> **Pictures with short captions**
--*--

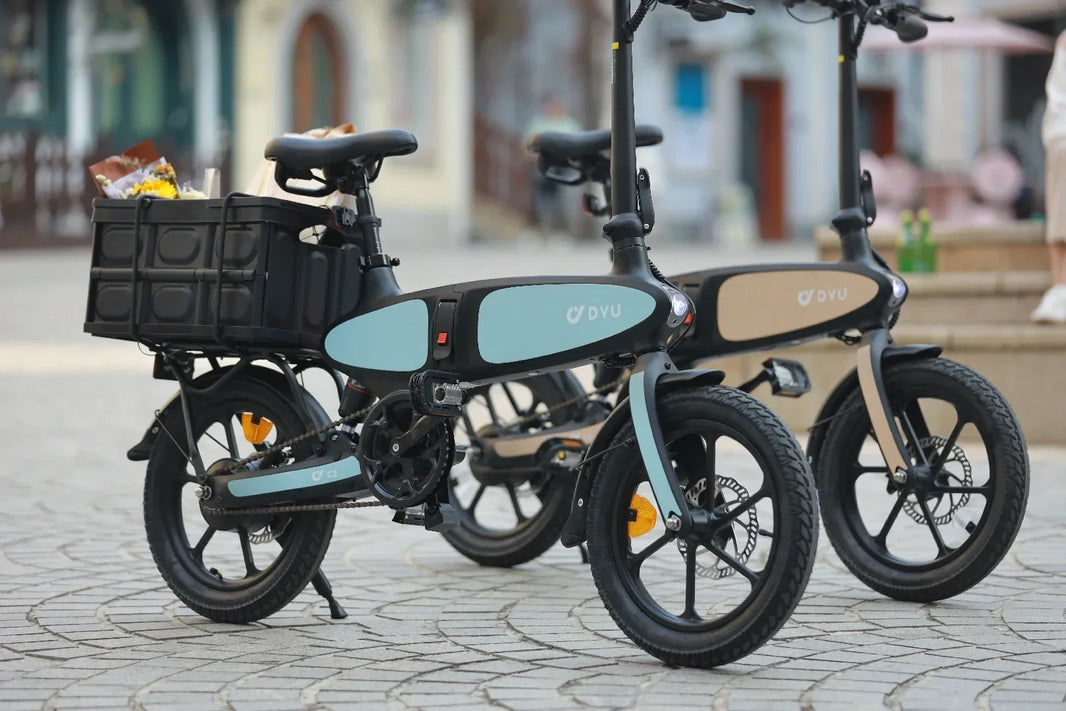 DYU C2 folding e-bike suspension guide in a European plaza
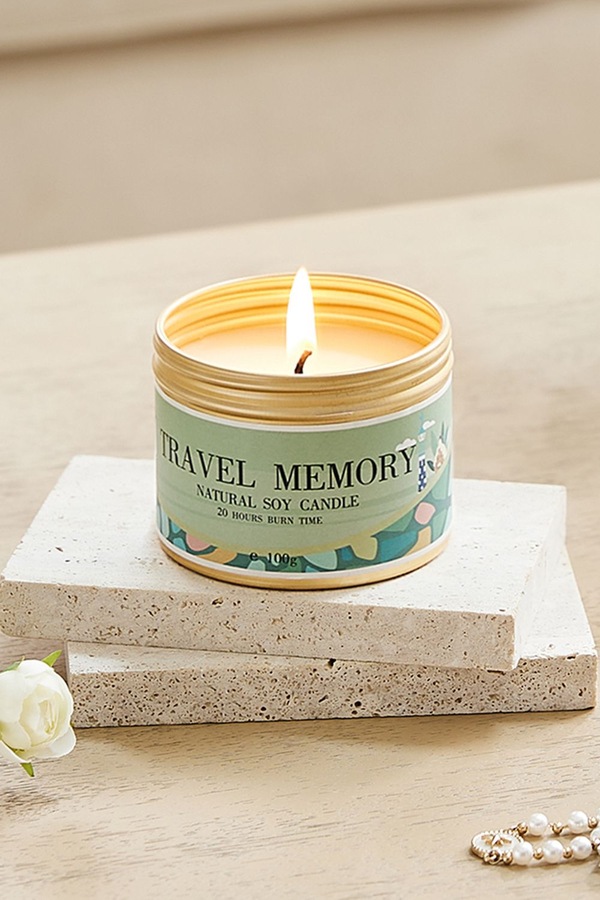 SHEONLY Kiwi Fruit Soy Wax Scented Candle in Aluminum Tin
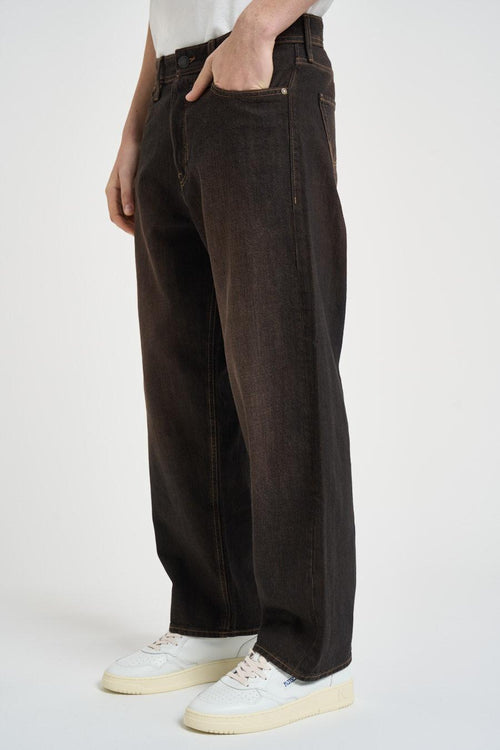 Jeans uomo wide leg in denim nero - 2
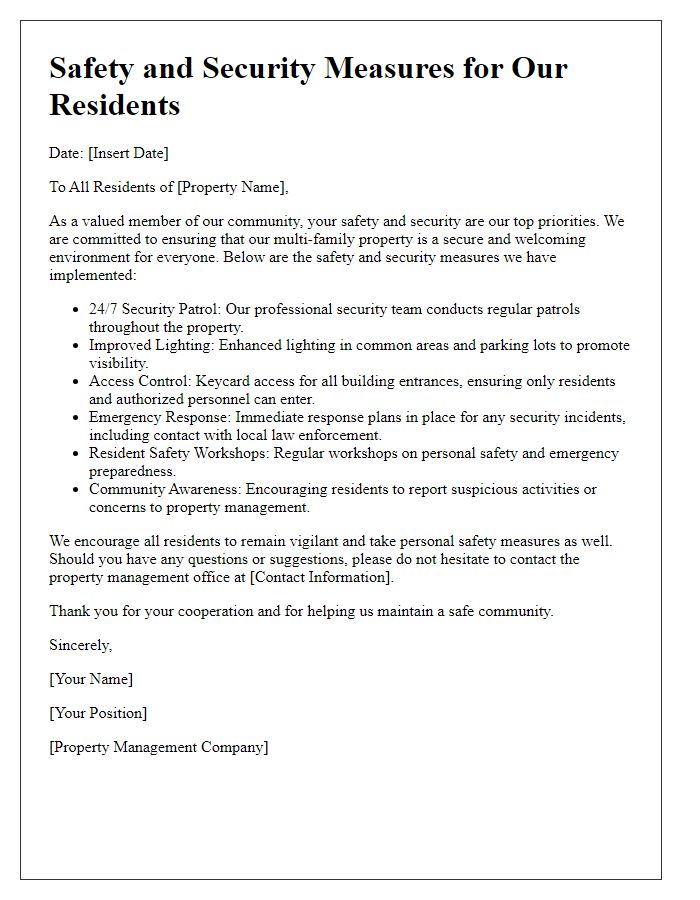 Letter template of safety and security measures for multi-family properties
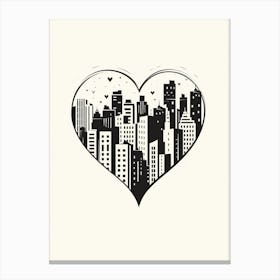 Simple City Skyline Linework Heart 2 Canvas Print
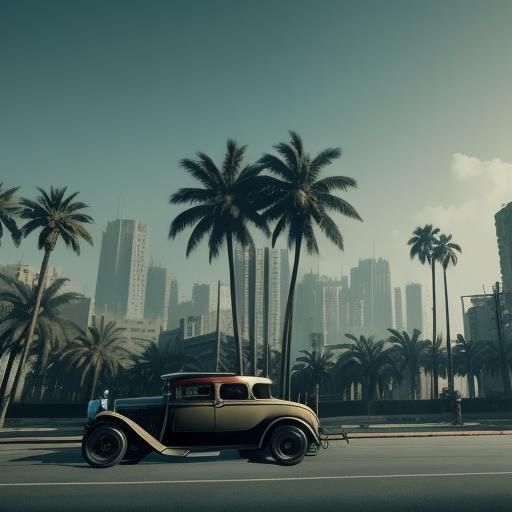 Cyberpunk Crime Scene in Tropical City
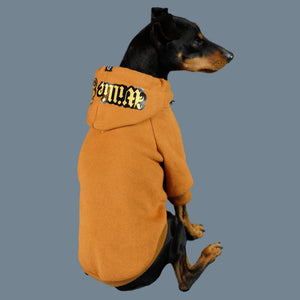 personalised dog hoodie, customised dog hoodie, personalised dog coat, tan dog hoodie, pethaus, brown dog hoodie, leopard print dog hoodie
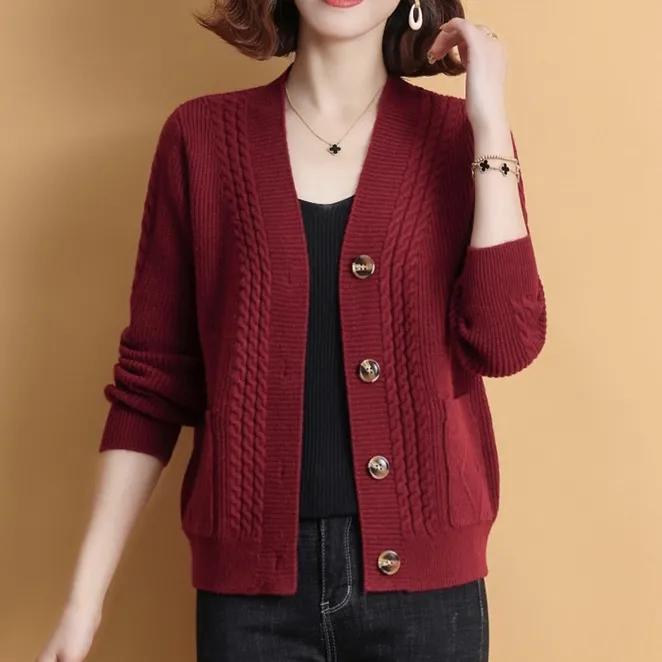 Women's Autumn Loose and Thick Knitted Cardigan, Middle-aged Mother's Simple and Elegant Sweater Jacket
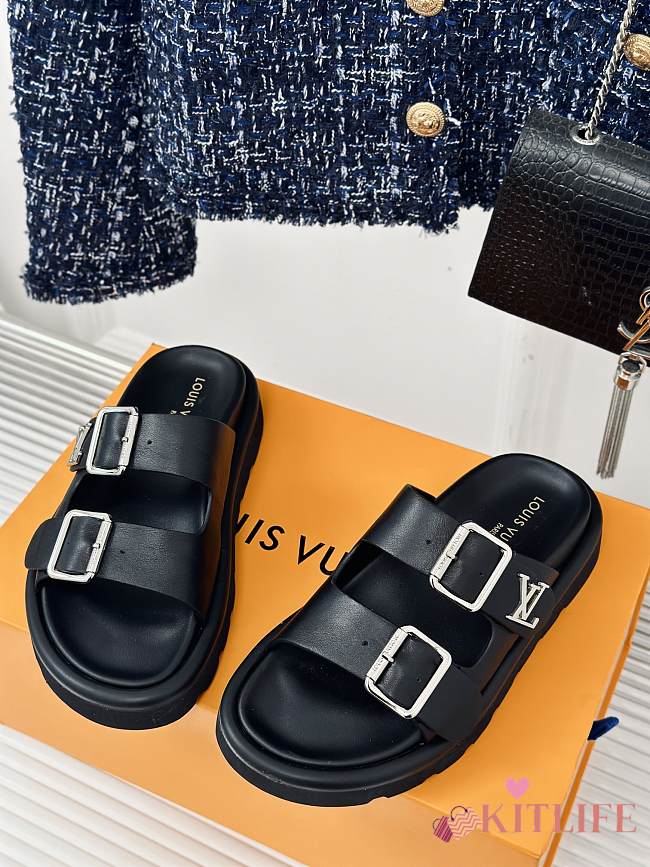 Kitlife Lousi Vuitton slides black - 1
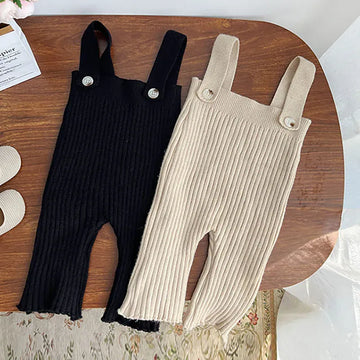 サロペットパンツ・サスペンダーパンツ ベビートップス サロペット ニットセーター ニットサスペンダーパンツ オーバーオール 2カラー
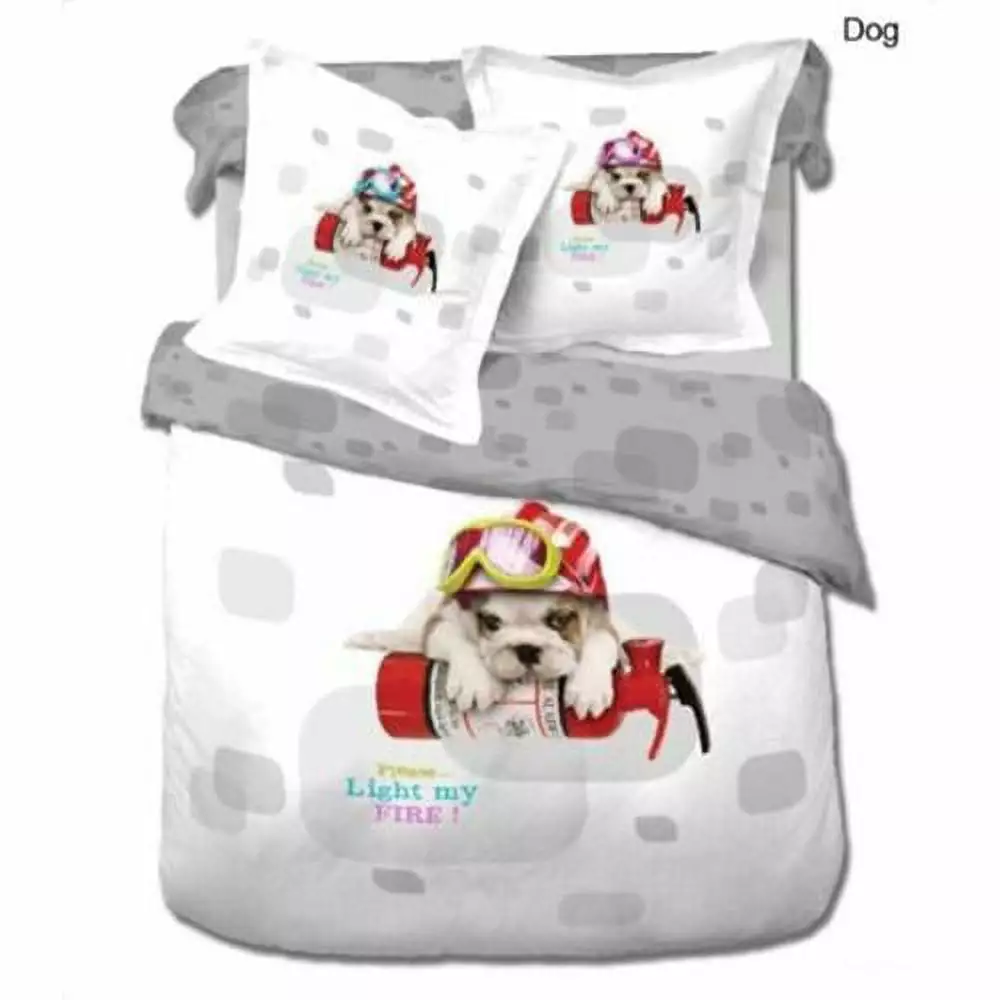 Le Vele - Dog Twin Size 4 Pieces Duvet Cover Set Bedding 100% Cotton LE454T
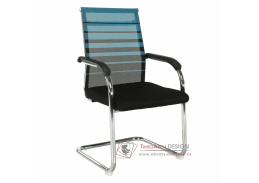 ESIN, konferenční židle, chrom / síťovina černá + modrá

--*--

An answer containing only the lines from the one holding "Cyberpunk Crime Scene in Tropical City" through the close of the entries above, reproduced exactly and stripped of pictures, is expected.

 Cyberpunk Crime Scene in Tropical City
 personalised dog hoodie, customised dog hoodie, personalised dog coat, tan dog hoodie, pethaus, brown dog hoodie, leopard print dog hoodie
 Women's Autumn Loose and Thick Knitted Cardigan, Middle-aged Mother's Simple and Elegant Sweater Jacket
 Kitlife Lousi Vuitton slides black - 1
 サロペットパンツ・サスペンダーパンツ ベビートップス サロペット ニットセーター ニットサスペンダーパンツ オーバーオール 2カラー
 Le Vele - Dog Twin Size 4 Pieces Duvet Cover Set Bedding 100% Cotton LE454T
 ESIN, konferenční židle, chrom / síťovina černá + modrá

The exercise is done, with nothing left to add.